▶ **DESCRIPTION OF THE TASK**: Extract every line between the one with "Amour, Prozac et autres curiosités" and the end of the entries, both included, word for word and free of pictures.

Extracted data entries
____________
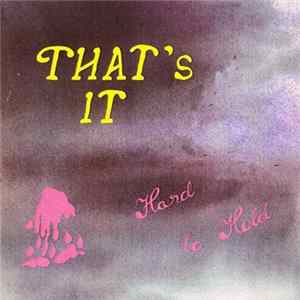 That's It - Hard To Hold Mp3
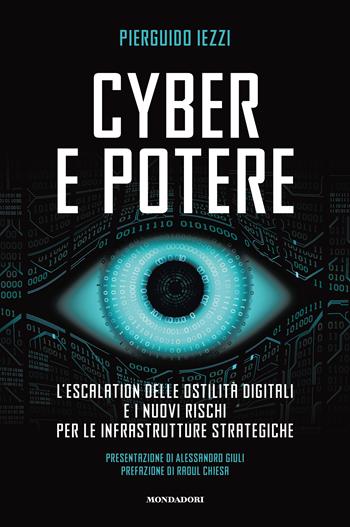 Cyber e potere. L'escalation delle ostilità digitali e i nuovi rischi per le infrastrutture strategiche - Pierguido Iezzi - Libro Mondadori Electa 2023 | Libraccio.it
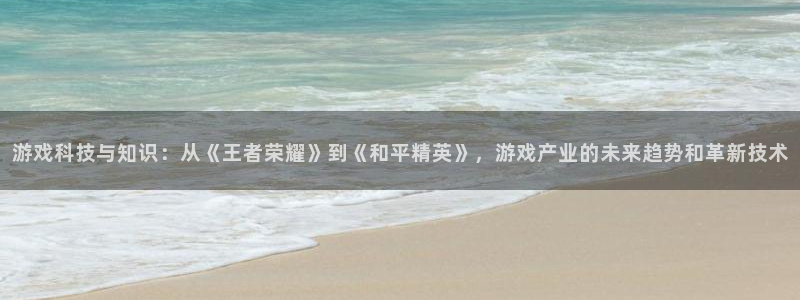 蓝冠娱乐网页版地址：游戏科技与知识：从《王者荣耀》到《和平精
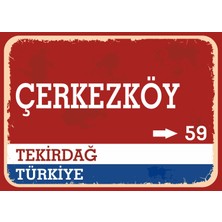 Tekirdağ Çerkezköy Retro Sokak Yön Tabelası Vintage Pvc Dekota Uv Poster Yapışkanlı 35X25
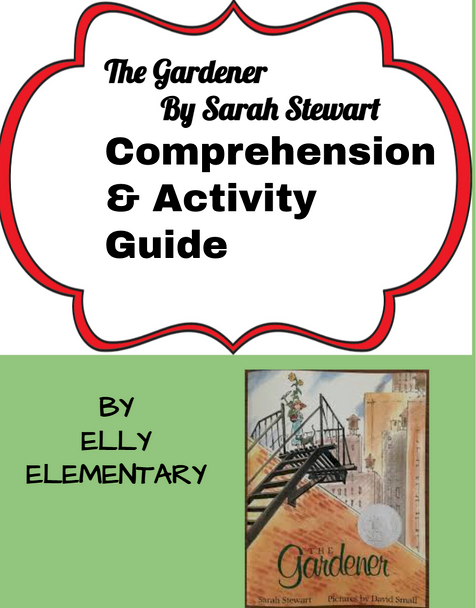 THE GARDENER BY SARAH STEWART READING COMPREHENSION & ACTIVITY UNIT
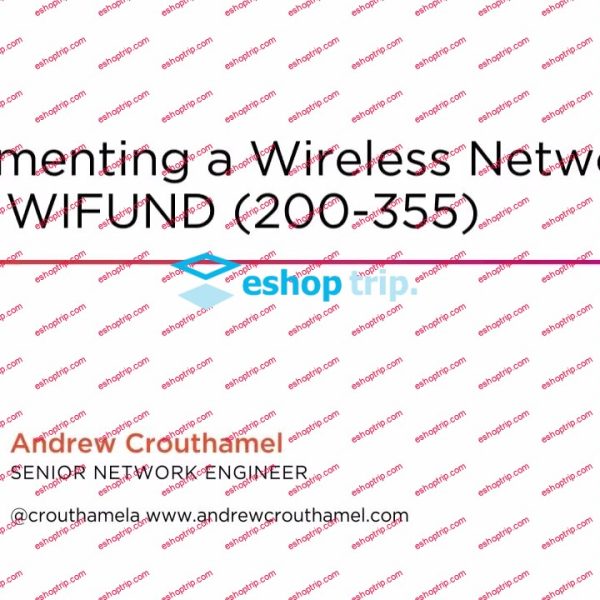 Implementing a Wireless Network for Cisco WIFUND 200 355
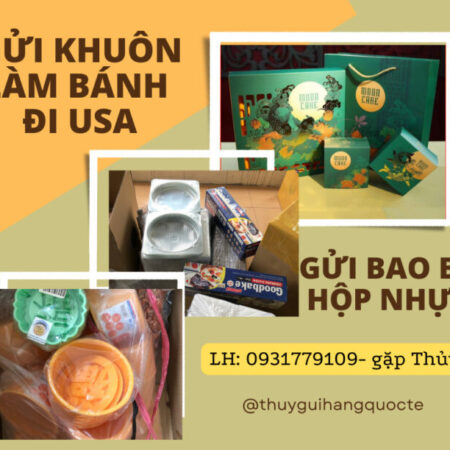 Gửi khuôn làm bánh, hộp đựng bánh trung thu đi Mỹ, Úc, Canada nhanh chóng giá rẻ
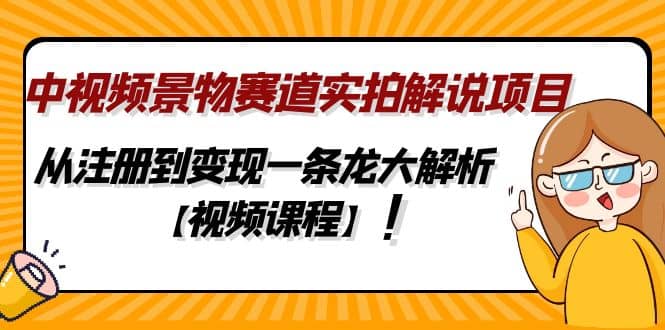 中视频景物赛道实拍解说项目，从注册到变现一条龙大解析【视频课程】-宝籍资源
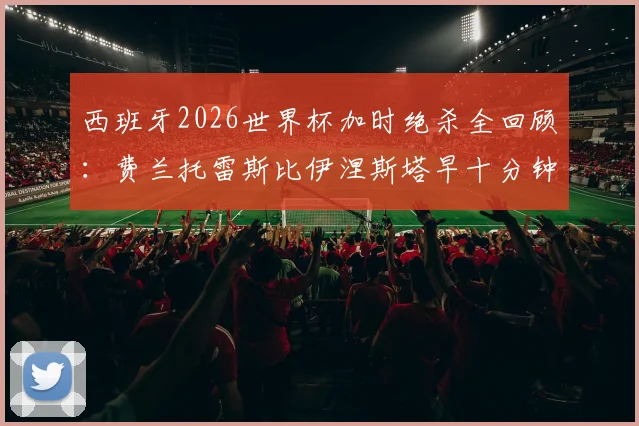 西班牙2026世界杯加时绝杀全回顾：费兰托雷斯比伊涅斯塔早十分钟，国际足联如何对比这两记经典进球？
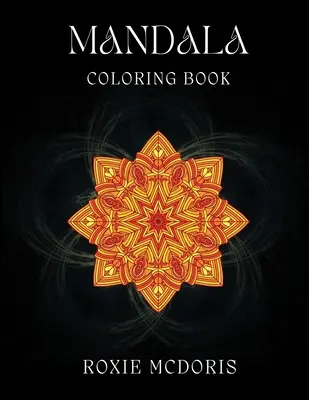 Carte de colorat Mandala: Relaxare adulți carte de colorat cu frumoase desene Mandala. Ideală pentru reducerea stresului și mindfulness - Mandala Coloring Book: Relaxation grownups coloring book with beautiful Mandala designs. Ideal for stress relieving and mindfulness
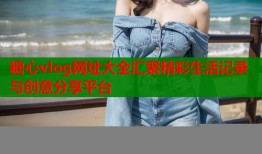 糖心vlog网址大全汇聚精彩生活记录与创意分享平台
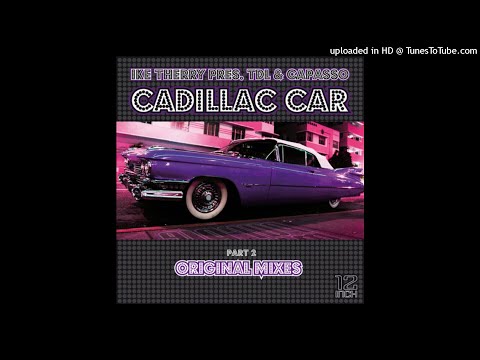 Ike Therry Pres. TDL & Stefano Capasso | Cadillac Car (Club Mix)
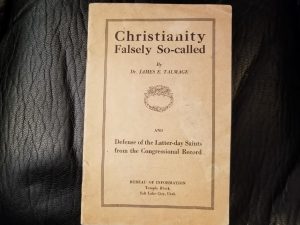 Christianity Falsely So-Called — Dr. James E. Talmage — & Defense of the Latter-day Saints from the Congressional Recoord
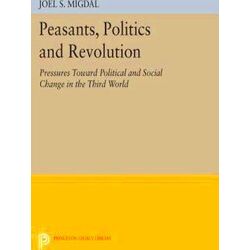 Peasants, Politics and Revolution - Pressures Toward Political and Social Change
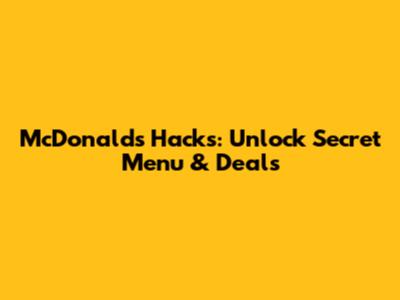 McDonald's Hacks: Unlock Secret Menu & Deals
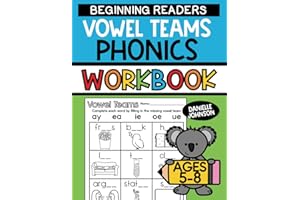 Vowel Teams Phonics Workbook: Double Vowels, Learn to Read, Beginning Readers, Kindergarten, Grade 1, Grade 2, Homeschool, Re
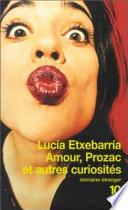Amour, Prozac et autres curiosités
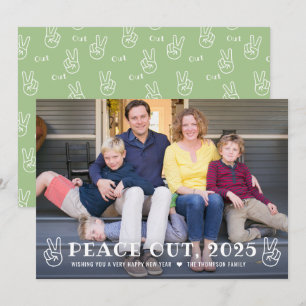 Peace Out 2023 Green Happy New Year Funny Photo Holiday Card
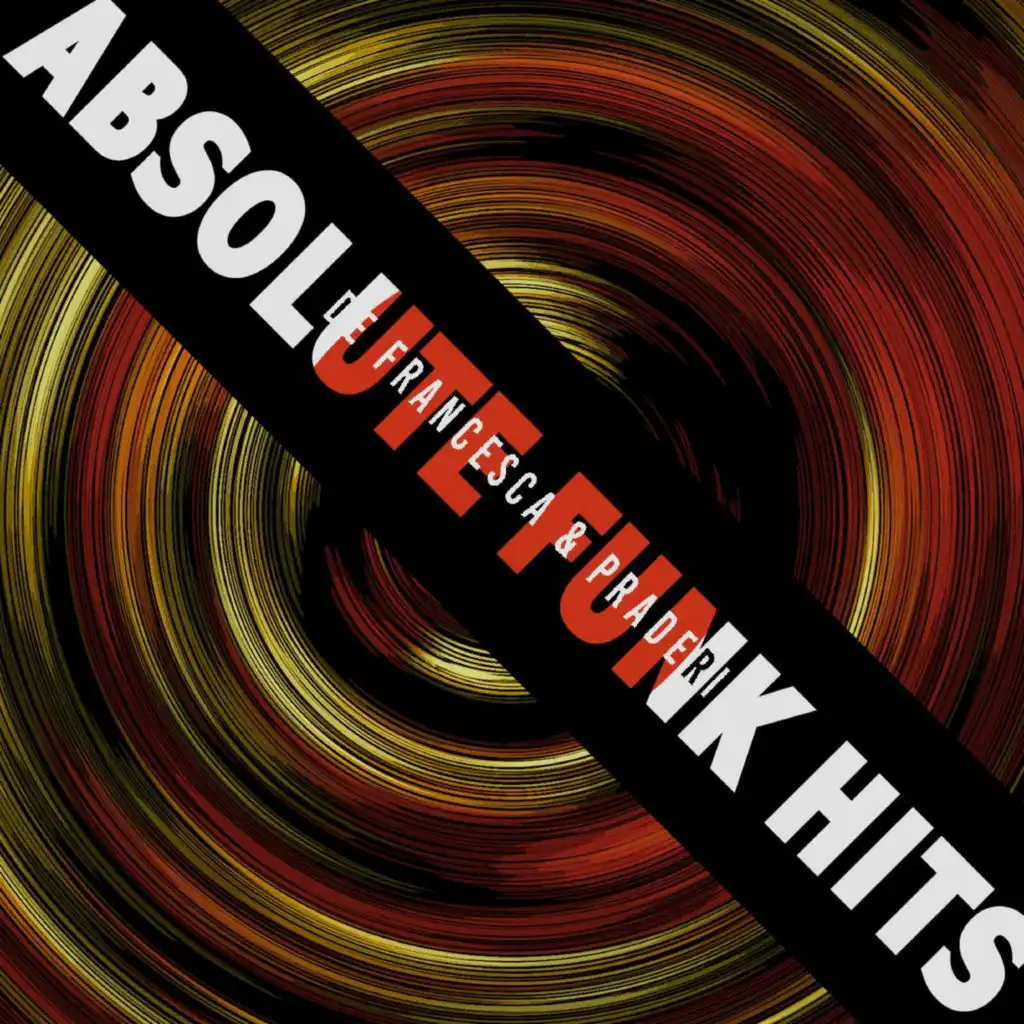De Francesca & Praderi - Absolute Funk Hits
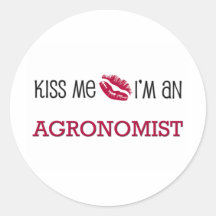 Kiss Me I'm an AGRONOMIST Round Sticker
____________
▶ **RESULT FOR THIS EXERCISE**:
Amour, Prozac et autres curiosités
 Peace Out 2023 Green Happy New Year Funny Photo Holiday Card
De Francesca & Praderi - Absolute Funk Hits
 Kiss Me I'm an AGRONOMIST Round Sticker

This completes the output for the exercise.